4.2. The Mediating Role of Mental Health Status

4.2.1. The Pathway of Impact of Unsafe Behavior

The present study employs the AMOS 23.0 software to construct a Structural Equation Model (SEM) and conducts a fit analysis of the predefined theoretical model. Structural equation modeling (SEM) is a collection of statistical techniques that allow a set of relationships between one or more independent variables (IVs), either continuous or discrete, and one or more dependent variables (DVs), either continuous or discrete, to be examined [52]. The specific results are shown in

Table 5. The results of model fit indices.

Model	Path Name	CMIN/DF	RMSEA	IFI	TLI	CFI
Mediation model	Tunnel micro-environment→ Mental health status→ Unsafe behavior	2.378	0.097	0.911	0.883	0.909

. As demonstrated in Table 5, the model demonstrates a satisfactory fit, with all fit indices meeting or exceeding the recommended threshold values.

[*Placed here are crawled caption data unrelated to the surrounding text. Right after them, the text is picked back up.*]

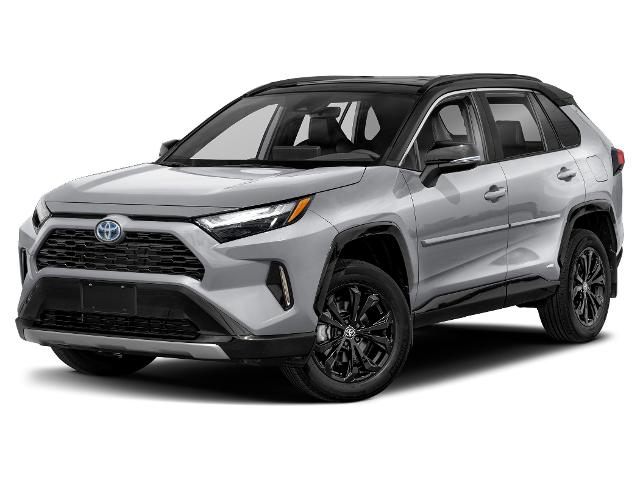 2024 Toyota RAV4 Vehicle Photo in Riverdale, UT 84405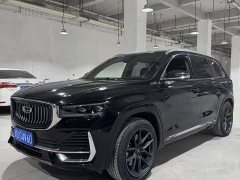 Geely Xingyue L 2.0T High-Power Automatic AWD Luxury - ფოტო 1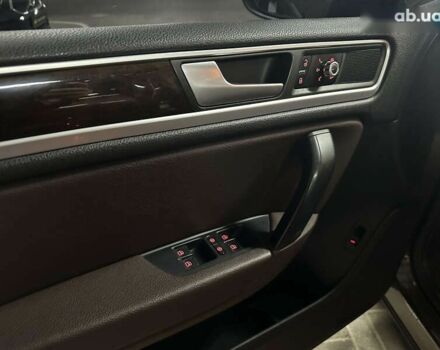 Фольксваген Туарег, объемом двигателя 3 л и пробегом 253 тыс. км за 17300 $, фото 8 на Automoto.ua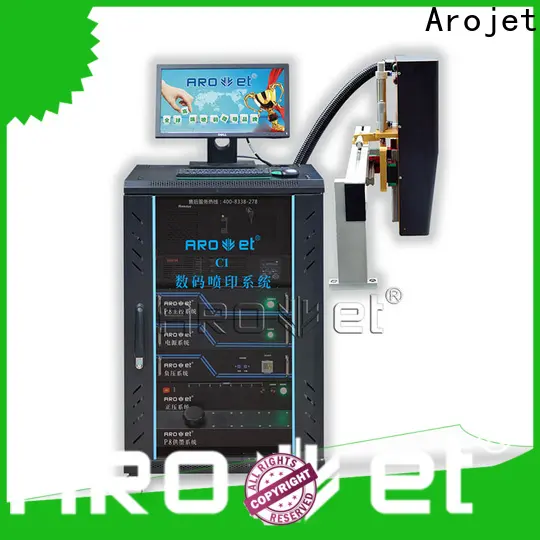 Arojet factory price jet ink printers supply bulk buy 1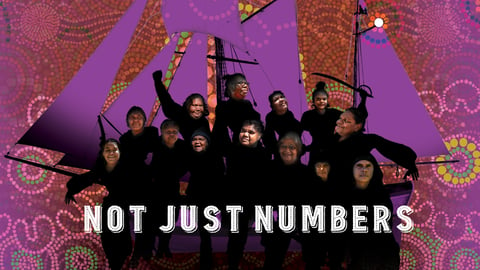 Not Just Numbers cover image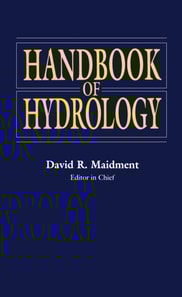 Handbook of Hydrology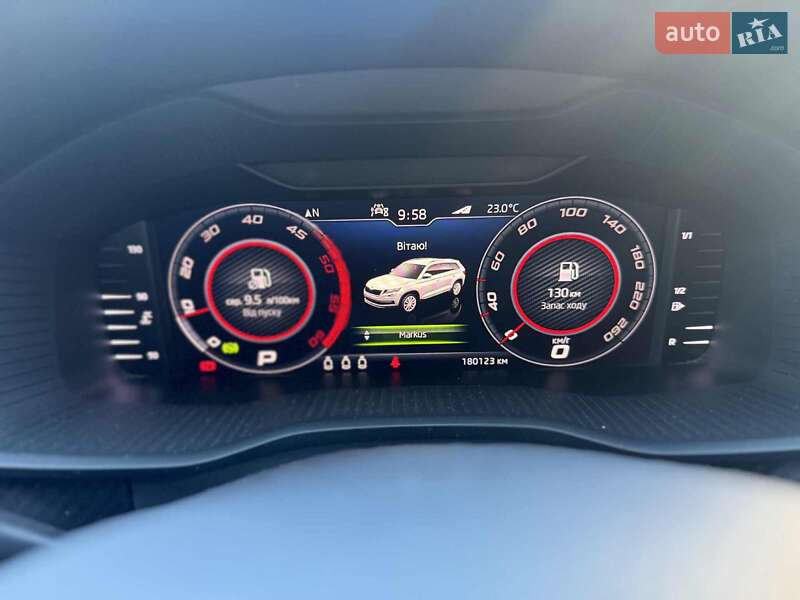 Внедорожник / Кроссовер Skoda Kodiaq 2019 в Ужгороде фото 10 Внедорожник / Кроссовер Skoda Kodiaq 2019 в Ужгороде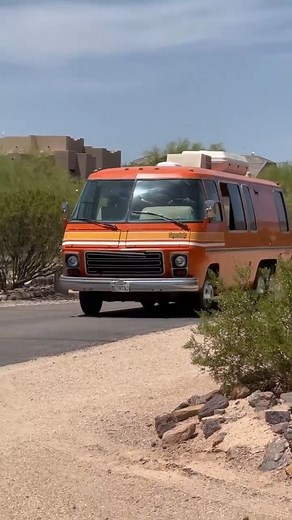 70K views · 1.2K reactions | ▶ 1973 GMC Painted Desert Motorhome...
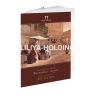 Папка д/акрила и графики "Восточные сказки" 300х400 мелованная, 20листов. фото 1 — PalitraMastera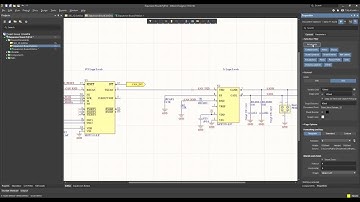 (6) Placing Components on the PCB - Altium Designer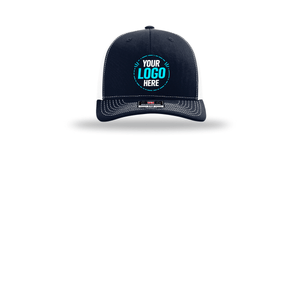 Custom Patch Hats – Richardson 112 Hats with Logo - Soda City Hat Co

The results of the structural equation model are demonstrated in Figure 8. In Figure 8, T1 and T2 represent the observed variables of the tunnel micro-environment (noise and dust concentration); M1 to M6 represent the observed variables of mental health status (anxiety, depression, stress, emotional regulation ability, sleep problems, physical condition). U1 to U4 represent the observed variables of unsafe behavior (completion of protective equipment, compliance with safety regulations, observation of safety areas, maintenance of good condition); e1 to e12 represent the residuals of each observed variable; e13 and e14 represent the measurement biases of mental health status and unsafe behavior, respectively.

As shown in Figure 8, anxiety, depression, stress, emotional regulation ability, sleep condition, and physical condition have a significant positive impact on the mental health status of tunnel construction workers. Specifically, as illustrated in Figure 6, the standardized path coefficients of these factors are 0.696, 0.578, 0.760, 0.753, 0.698, and 0.755, respectively, and all are significant at the 1% level. This indicates that the less anxiety, depression, and stress, the stronger the emotional regulation ability, the better the sleep condition and physical health status, the better the mental health status of tunnel construction workers. As shown in

Table 6. The standardized path coefficients and significance levels of mental health status and unsafe behavior factors.

	Mental Health Status		Unsafe Behavior
anxiety	0.696 ***	the extent to which protective equipment is worn	0.581 ***
depression	0.578 ***	the extent of adherence to operational procedures	0.582 ***
stress	0.760 ***	the extent to which attention is given to safety zones	0.801 ***
emotional regulation ability	0.753 ***	the extent of maintenance of good physical and mental health	0.593 ***
sleep condition	0.698 ***
physical condition	0.755 ***

Note: *** p < 0.001. Similar notation applies below.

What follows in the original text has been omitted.